Idea: Let $M$ be an adjacency matrix and work all over field $\mathbb{Z}_2$. Then if $M$ is nonsingular we know that equation $$M\vec{s} = (1,1,1,....1,1)$$ has notrivial solution. Suppose set $S$ has incidence vector $\vec{s}$. Then if for each node $a$ we color each edge in $N(a)\cap S$ we win.
There are quite a few questions here. First, where did I use conectivity, second, is it $M$ really nonsingular and do we even need that and last, if all this is true does this aproach actually work?
Note: I already asked initaly question and did get an answer, so please answer just this.

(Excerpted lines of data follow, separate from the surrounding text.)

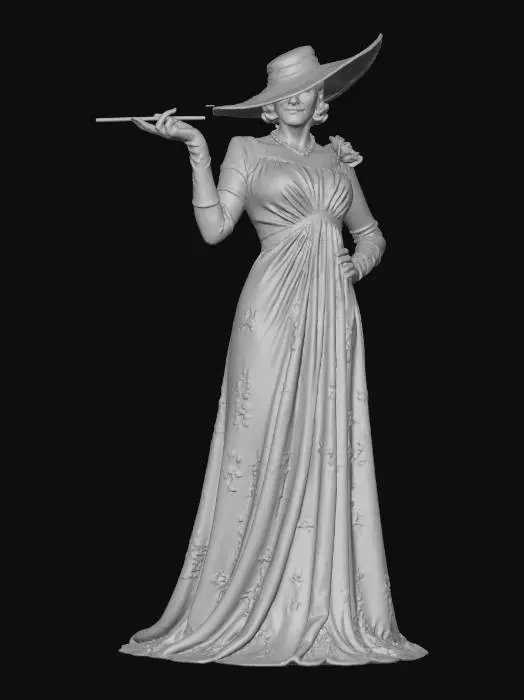 3D model for Alcina Dimitrescu Crimson Elegance , #Christmas2025#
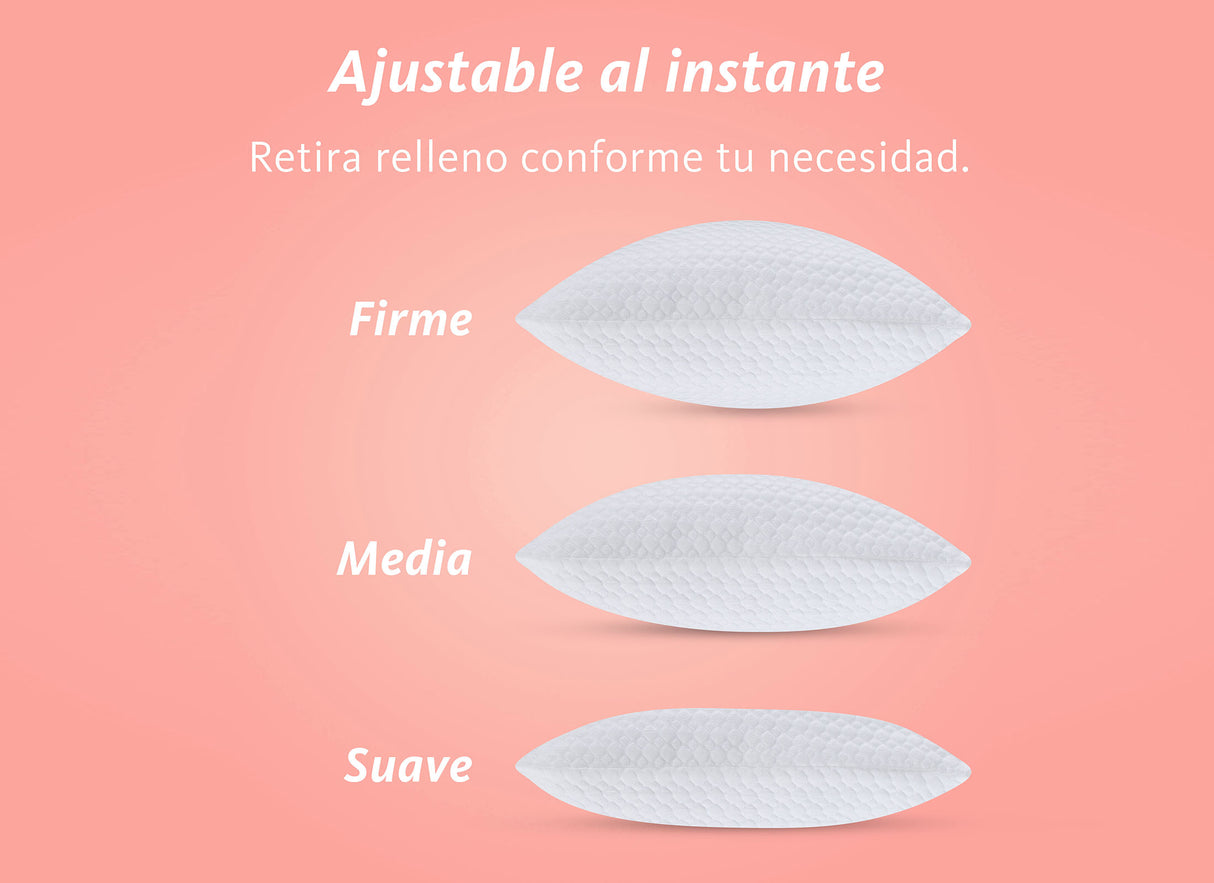 Almohada Memory Foam Estándar Blanco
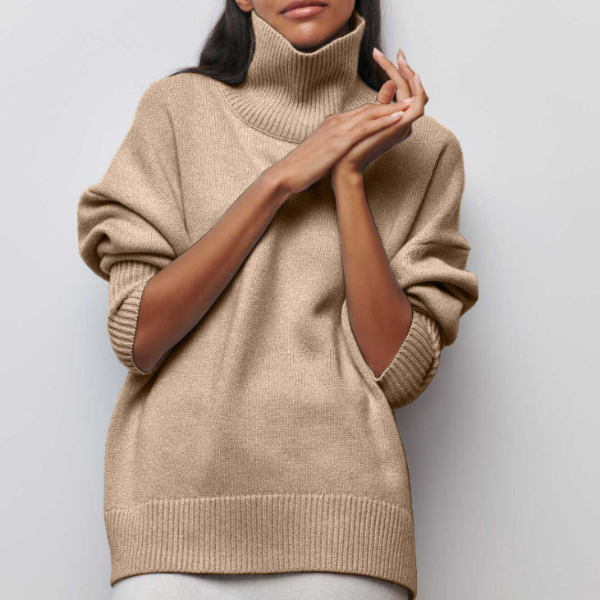 HARRIET | MAGLIONE A COLLO ALTO IN MAGLIA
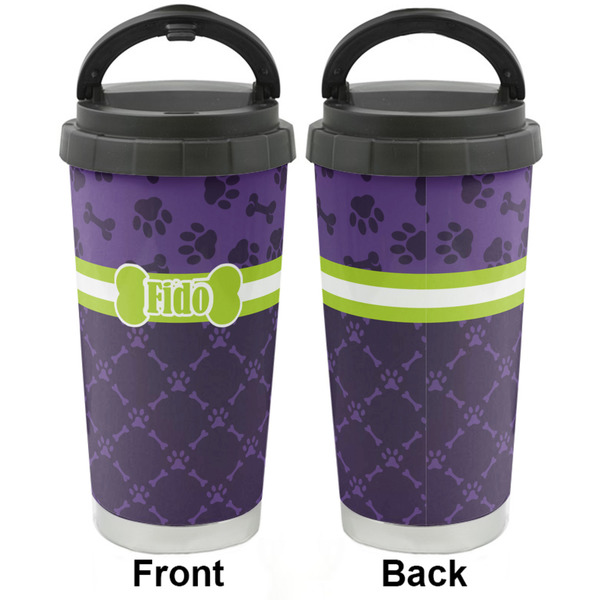 Pawprints & Bones Stainless Steel Travel Cup - Apvl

A base of the approach is any solution of the equation $M\vec{s} = (1,1,1,....1,1)$. But I don’t know how to show algebraically that it exists. In particular, it exists and unique provided the matrix $M$ is non-singular. Unfortunately, the adjacency matrix is singular for any graph which has two vertices with the same set of neighbors. For instance, for a cycle $C_4$ on four vertices. Also I remark that connectedness algebraically means that for each distinct indices $k,l$ there exists a power $M^k=\|m_{ij}\|$ such that $m_{i,j}>0$, but here we need to consider $M$ over $\Bbb Z$, but not over $\Bbb Z_2$.